Monday, December 21, 2009

Three Thanks and a Wish

It’s pretty traditional around the holidays to do an assessment — a year in review kind of thing. Given that we are just getting started here at Burtch Works, I decided to forego that tradition for a simpler one. This year, I’d like to offer three thanks and a wish.

First, I’d like to thank my family for their support during this period of transition. Change is good. Change is inevitable. Change is hard, especially on husbands and children, or so mine keep telling me. Doug describes his role as the person who does everything I don’t want to do. And I have my son Jay hooking up and troubleshooting the computers at $5 per hour (we are a start up!). Becky and Jackson made some beautiful signs out of our logo that are all around my office. So thank you to my family for taking this exciting new ride with me.

Second, thanks to those who have worked with me to get Burtch Works up and running. This last month or so has been a whirlwind of activity, and your talent, enthusiasm and dedication are stamped on every inch of this new endeavor. Lauren Eck, Katie Ferguson and Sandy Marmitt have jumped in with energy and excitement, creating a vibrant and fun new office. I’m looking forward to writing a very positive year-in-review post next December.

Finally, thanks to all of you for your warm thoughts and good wishes, which have helped launch Burtch Works on such a positive note. I am thrilled, excited and busy … really, really busy … so I know that 2010 is going to be a good year.

And now for my wish. I could wish that I could figure out all the bells and whistles on our high tech phone system, but with Lauren’s help, I am sure I will get there. I could wish for better economic times, but every sign I see is that things are turning around. So instead, I will simply wish you a joyous holiday season and the very best for you and yours in the New Year. May it be a year of peace and prosperity, and, if you desire, a year of positive change.

Happy Holidays!

Linda Burtch

Wednesday, December 2, 2009

Kicking SAS?

Not if James Goodnight, statistician and CEO of the SAS Institute, has any say in the matter. Recently, the New York Times reported that the venerable software giant that created the statistical tool of choice for countless business statisticians for over three decades is under seige. New competition is threatening SAS's longstanding, comfortable position as the undisputed leader in business intelligence software.
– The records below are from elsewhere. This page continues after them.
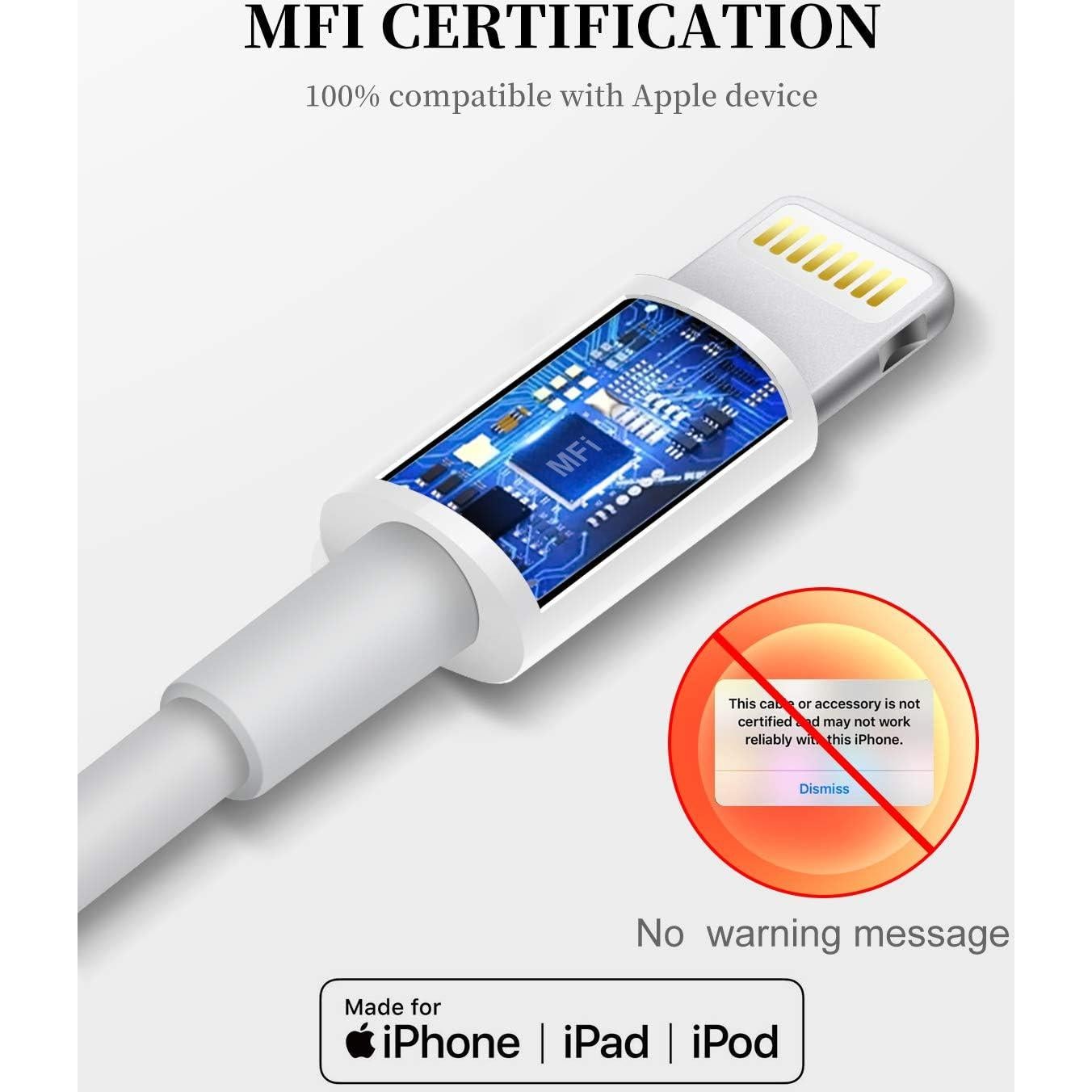 Cables de Carga Rápida Uzento Lightning MFi 30.48 cm - Paquete de 2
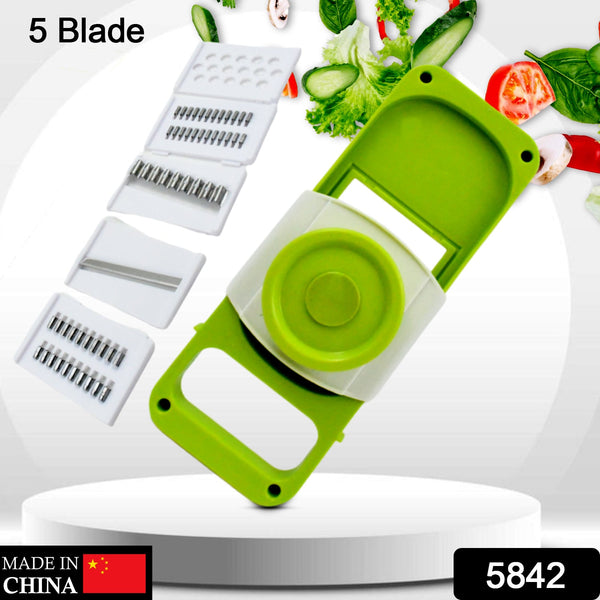 Slicer for Kitchen 5 in 1 Foldable Vegetable Slicer Blade Potato Cutter, Veggie Slicer, Onion Slicer, Julienne Grater with Protective Guards, Stainless Steel Blade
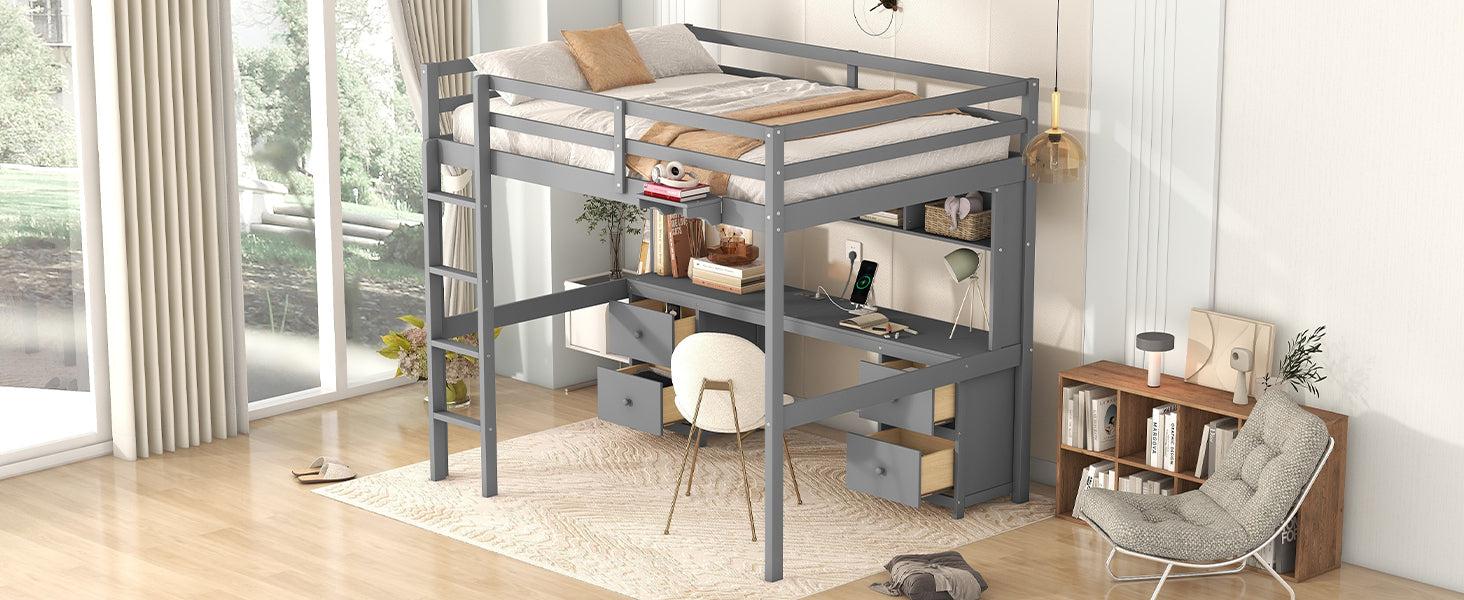 Full Size Loft Bed with Desk, Cabinets, Drawers and Bedside Tray, Charging Station, Gray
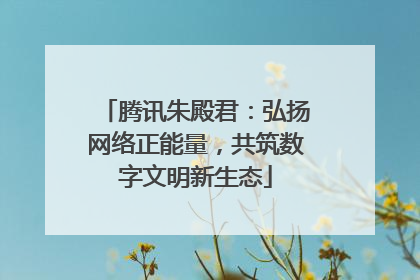 腾讯朱殿君：弘扬网络正能量，共筑数字文明新生态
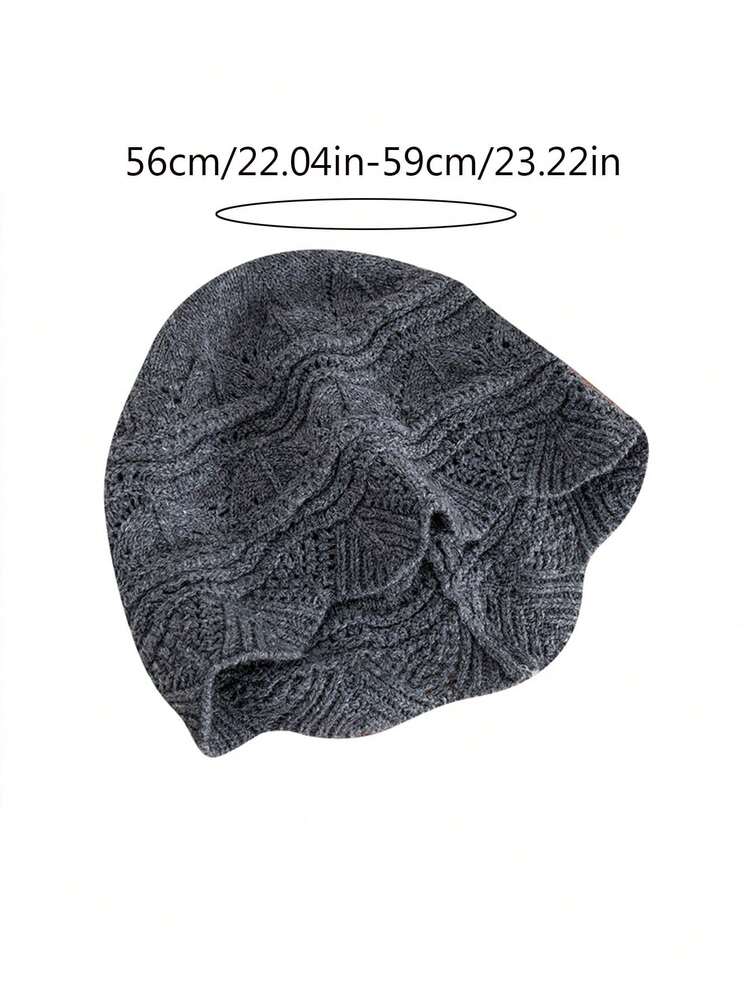 1pc Soft Breathable Hollow-Out Casual Knit Beanie, Frill Trim Design, Cozy Atmosphere, Suitable For Spring, Autumn & Winter - A - View 6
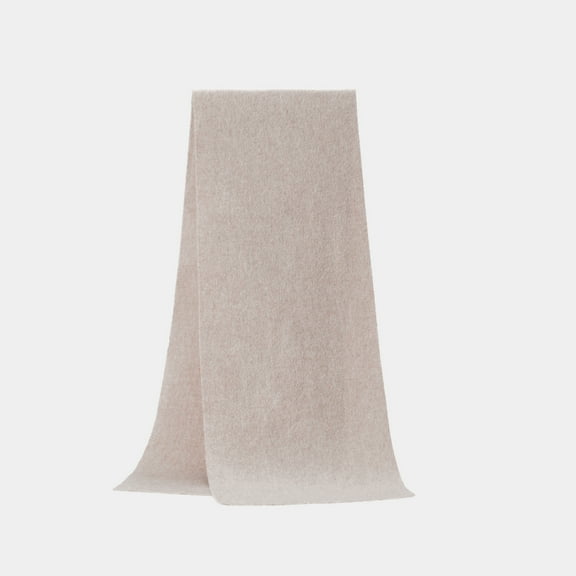 Premium Lamb Wool Scarf - 100% First-Cut Wool with Short Tassels,180*30,beige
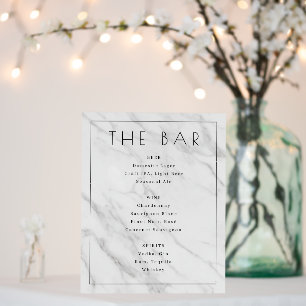 Elegant White Marble Bar Menu Foam Board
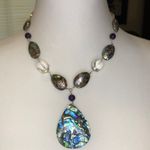 Amethyst Vintage Abalone Crystal Necklace with Abalone Teardrop Pendant Photo 12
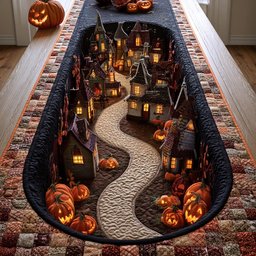 Halloween Village Along Winding Path Table Runner - Made to Order TABLE928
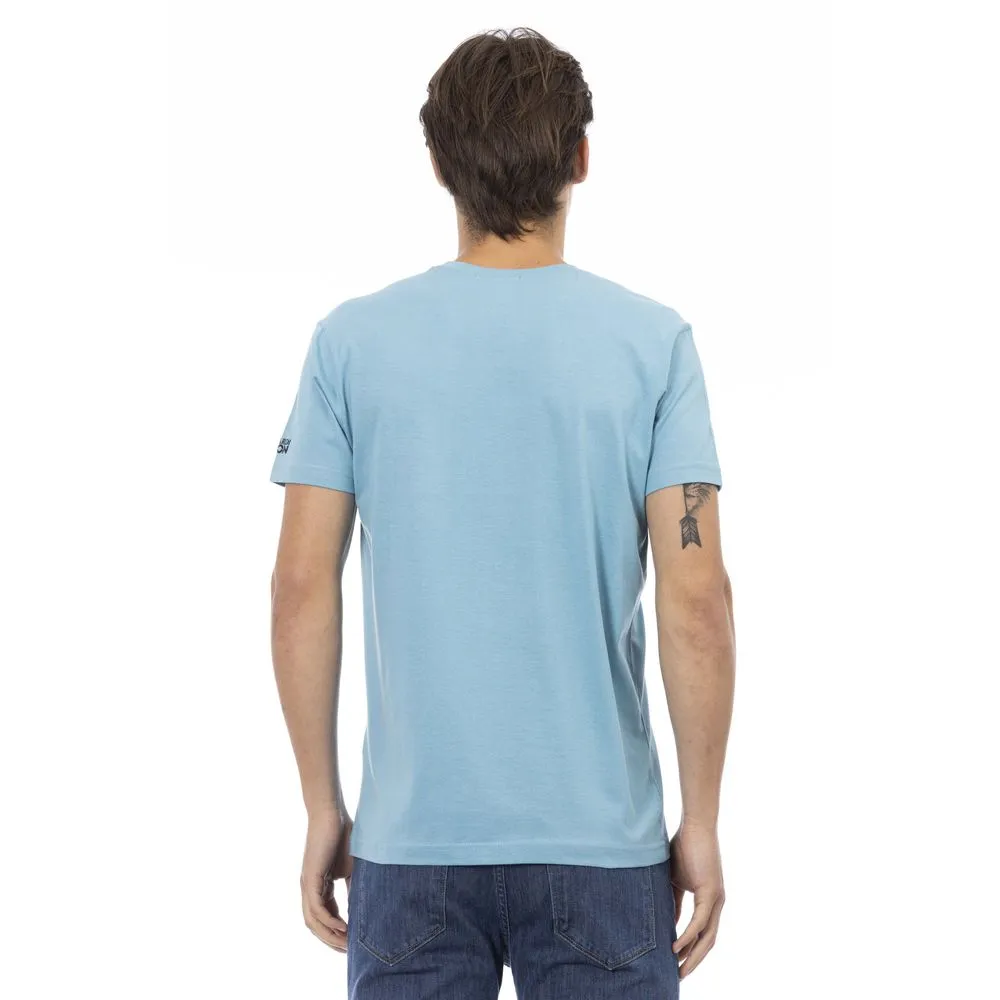 Light Blue Cotton Men T-Shirt sold by Louxly product image thumbnail 3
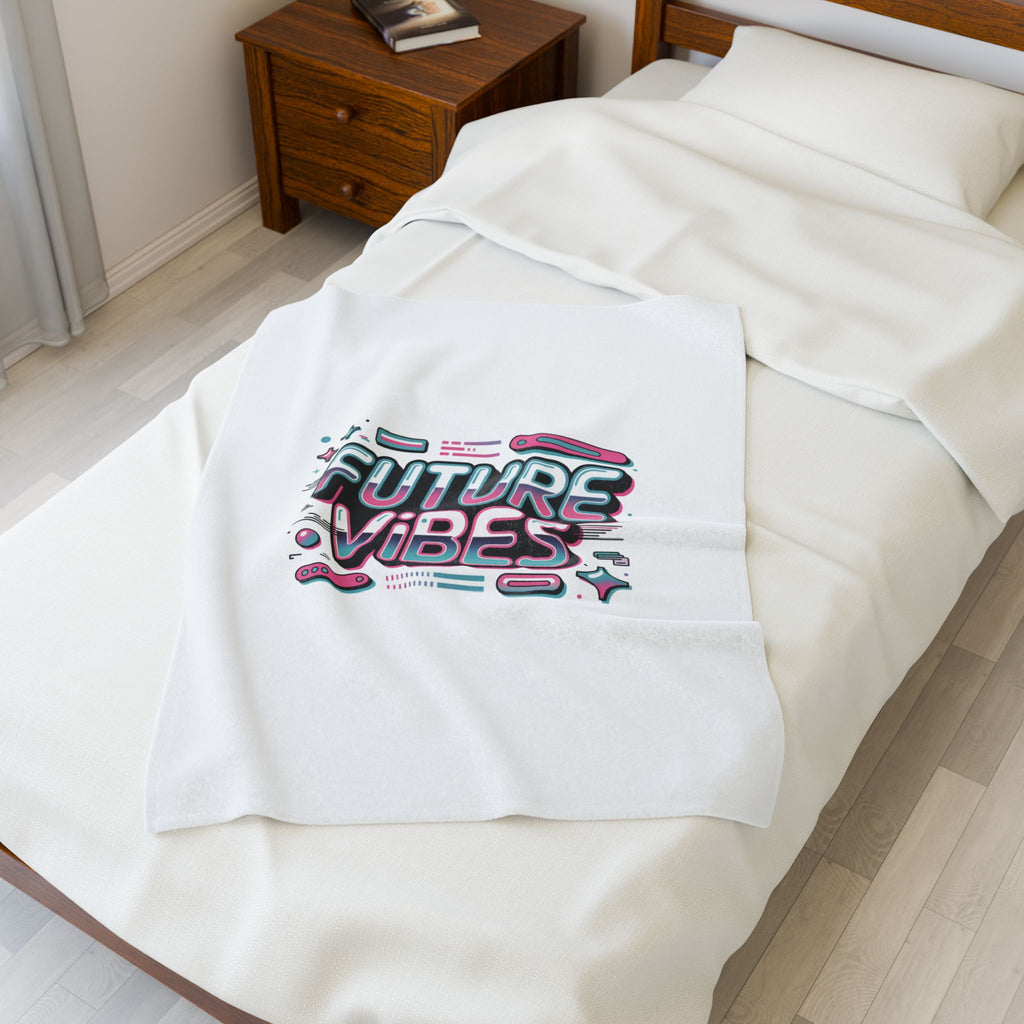 Future Vibes Velveteen Blanket | Y2K cyber holo retro tech chrome text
This summer, IBM took a serious step into the business intelligence realm with their purchase of SPSS and Cognos. In a direct threat to the SAS reign, it has been widely reported that IBM intends to build a 4,000-person-strong business analytics and optimization group to provide global business support.

As the industry leader, SAS has not, upto this point, had to be concerned. In fact, SAS resisted integrating with the open programming environments and information transparency that has now turned their legacy world upside down. Free, open source coding, such as R, has been quickly adopted by academic institutions and labs, and SAS was slow to recognize the importance of this shift. Within a few short years, many graduating statisticians will be using R in the workplace, potentially usurping SAS's domination.

But SAS founder Goodnight is on the move. According to senior VP and chief technology officer Keith Collins, SAS has seen the error of it's closed-minded ways and is committed to engaging with the open source community. SAS has other strong assets that could help it maintain its dominant position in the market, including a loyal workforce with a turnover rate of just four percent. The company has worked hard to earn its reputation as a low-stress, family friendly workplace. Even despite recently reducing software development time from 24 to 36 months to 12 to 18 months, you would still be hard pressed to find an employee who has worked a 60-hour week more than two weeks in a row.

It will be interesting to see how the new strategies at SAS and the aggressive actions of its competitors will affect the rapidly expanding world of business analytics. Like Thanksgiving feasts on tables across the country last week, data and information have become the bounty of the business world. Businesses need flexible, agile tools to help them digest it in all ways that will keep them healthy and growing. To complicate matters further, static information of old - such as sales and operations data - needs to be combined with new, dynamic sources of information, such as social networking buzz, Web behavior and now easily accessible public records. Nervous yet, Mr. Goodnight?